Jedes Jahr Mitte August wird meine Selbstdisziplin auf eine harte Probe gestellt: Nämlich immer dann, wenn ich vom Unverständnis lese oder höre, wie man sich denn »sowas wie den Publikumsbereich der gamescom« nur antun könne.
Das Erschreckende: Das steht nicht nur unter nahezu jedem unserer gamescom-Artikel, sondern ich bekomme es auch immer wieder von Journalistenkollegen oder Mitarbeitern von Spielefirmen zu hören. Also genau von denjenigen, die im angenehm klimatisierten Business Center ohne Menschenmassen und kilometerlange Warteschlangen die neuesten Spiele sehen.

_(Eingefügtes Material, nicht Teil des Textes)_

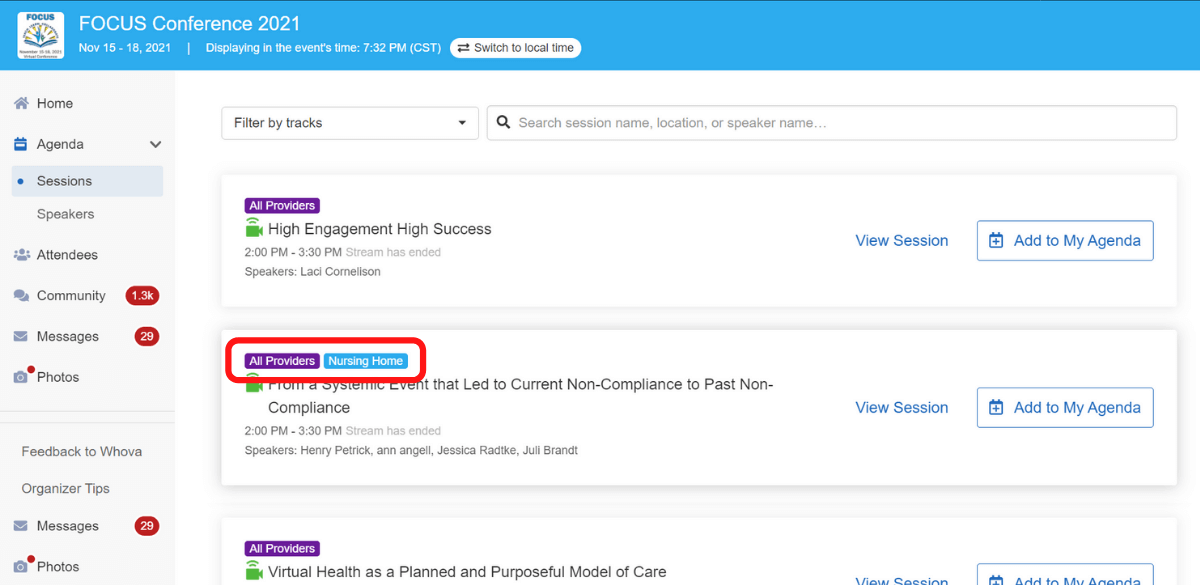 FOCUS Conference 2021 - Tracks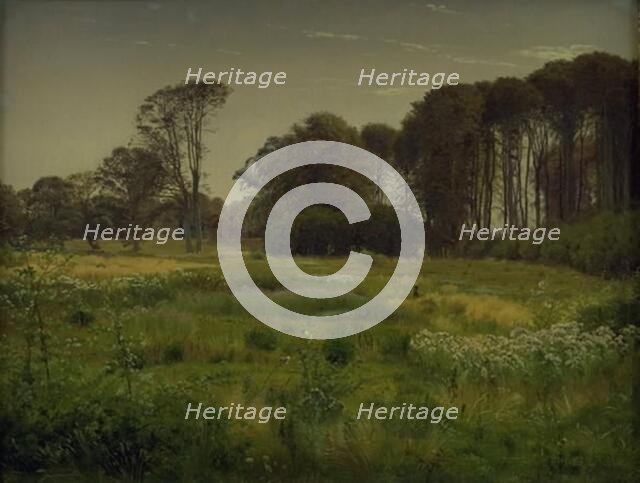 Summer landscape - Horneland near Faborg, 1863. Creator: Vilhelm Kyhn.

Wer vier Stunden ansteht, macht das bewusst
Ich bin der Meinung: Wer so denkt, der demonstriert nicht nur eine gehörige Portion Ignoranz and Arroganz, sondern hat auch den Bezug zu denjenigen verloren, für die er eigentlich seinen Job machen sollte.
Natürlich kann und darf man vieles an der weltgrößten Spielemesse kritisieren. Und ich kann grundsätzlich auch jeden verstehen, der keine Lust hat vier Stunden anzustehen, um ein Spiel auszuprobieren, das er schon ein paar Wochen oder Monate später ganz entspannt kaufen und ohne Einschränkungen zocken kann.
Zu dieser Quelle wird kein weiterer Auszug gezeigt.